* WHAT YOU WILL DO: Only one stretch of the data below is wanted: the lines from the one with "Lámpara de Curado" through the one with "2022 Dodge Charger R/T", repeated exactly.

(MATERIAL FOR THIS TASK)

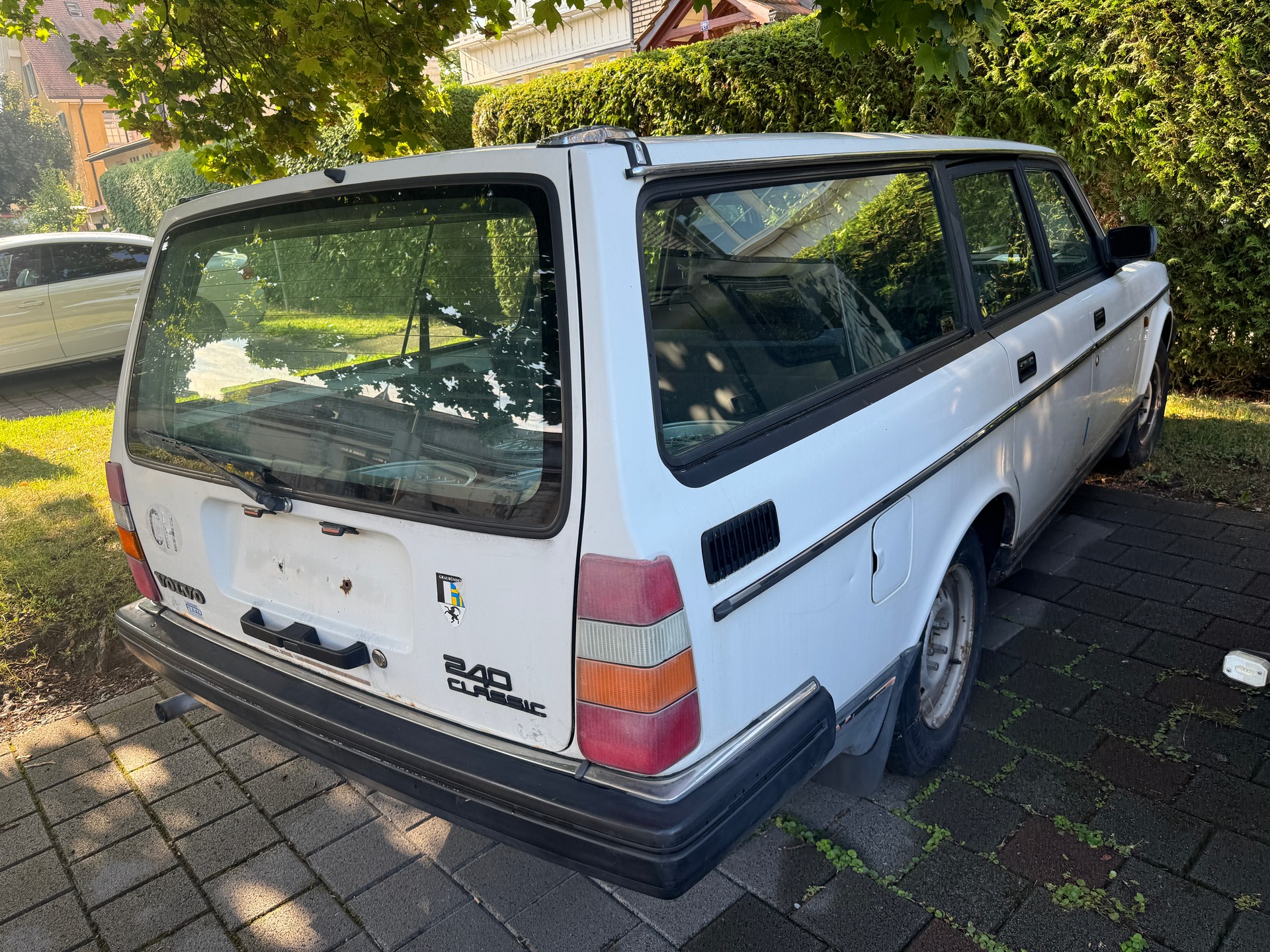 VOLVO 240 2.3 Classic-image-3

(End MATERIAL FOR THIS TASK)
(MATERIAL FOR THIS TASK)

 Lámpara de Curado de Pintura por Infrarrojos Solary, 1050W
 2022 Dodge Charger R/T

(End MATERIAL FOR THIS TASK)

* RESPONSE BELOW:
 Lámpara de Curado de Pintura por Infrarrojos Solary, 1050W
 2022 Dodge Charger R/T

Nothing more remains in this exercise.